What hasn’t been stated outright yet in this new series is that as all her experience with interstellar threats and Machiavellian politicking, she’s bringing her own far-reaching network of mercenary contacts and alliances to the otherwise astronomically provincial Orchis. In other words, Abigail Brand is just about Orchis’ single most important asset (and anyway, Nimrod and Omega Sentinel don’t really count as assets any longer😉).
Ewing also continues a story that fans have been wanting, in some form, for many years now: not just something where Storm is the central protagonist but a narrative that delves into her character, advancing her into 21st-century superstar status among mutantkind. This is the promise of X-Men: Red at its core.

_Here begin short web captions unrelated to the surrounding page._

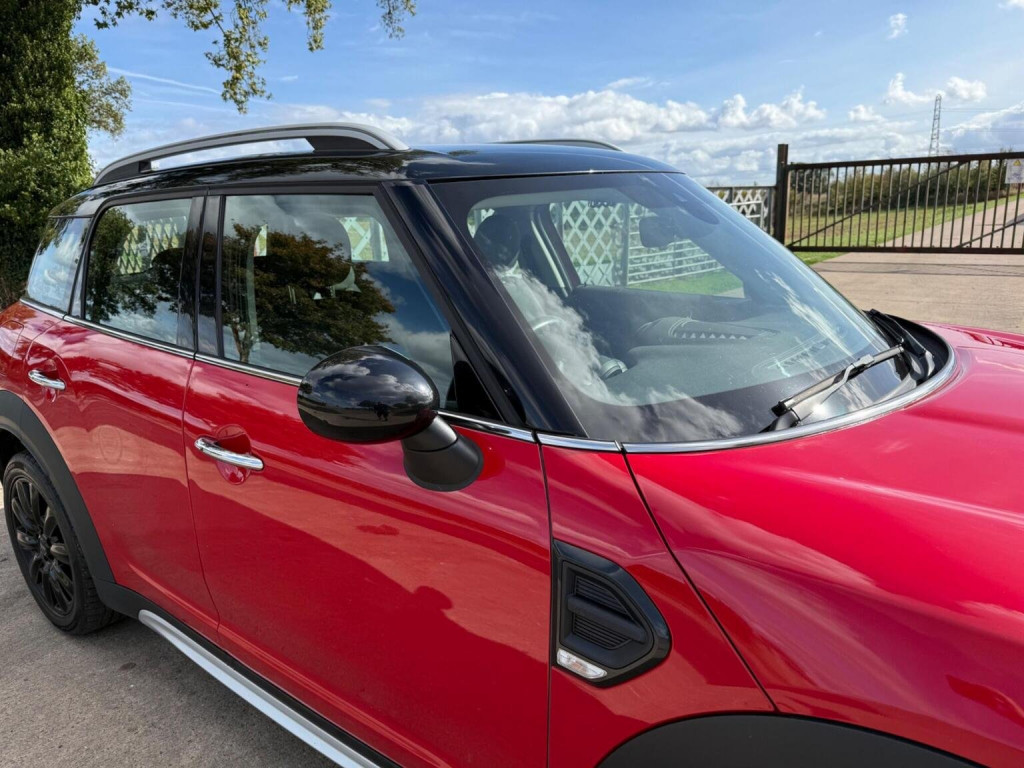View MINI COUNTRYMAN 2.0 Cooper D Auto Euro 6 (s/s) 5dr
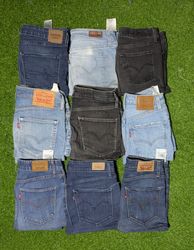 LEVI’S  MINI SKIRTS (C 99)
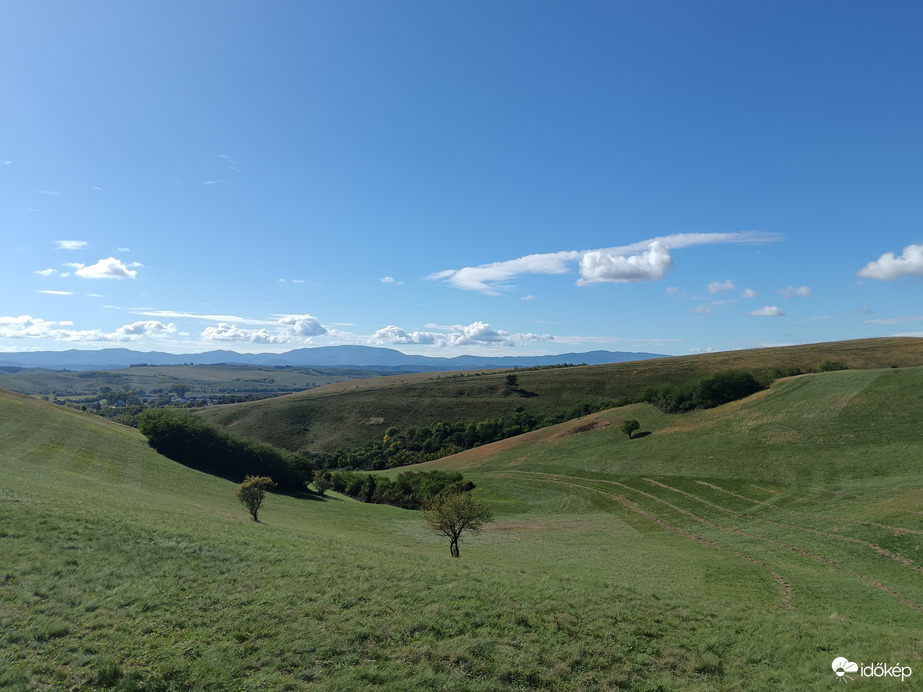 Látkép Bükkszenterzsébetre a közeli dombtetőről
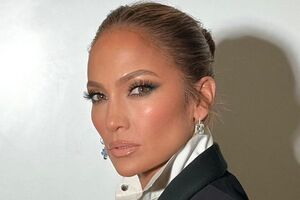 Лопес 24 июля исполнилось 54 года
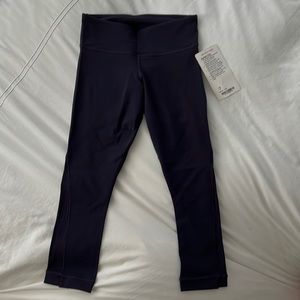 Lululemon Journey Crop Leggings NWT Size 4 Dark Purple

The thematic tension between (just two of) Storm’s identities (perhaps the most ambiguous ones), being queen of both Wakanda (starting with Black Panther vol. 4 #18, 2006) and, much earlier, the Morlocks (from Uncanny #170, 1983)—has clearly been one of Ewing’s central interests in Storm since he recast her as Regent of Sol in S.W.O.R.D. #6 (the “Hellfire Gala” issue). I believe that was the first time he really had, as a storyteller, to write her character, but right off, he seemed to have clear direction for her trajectory.
No doubt, Ewing is revitalizing Storm with an energy and clarity that we haven’t seen since Claremont, and who knows—but I’m hopeful he takes the evolution of Claremont’s most cherished character even further.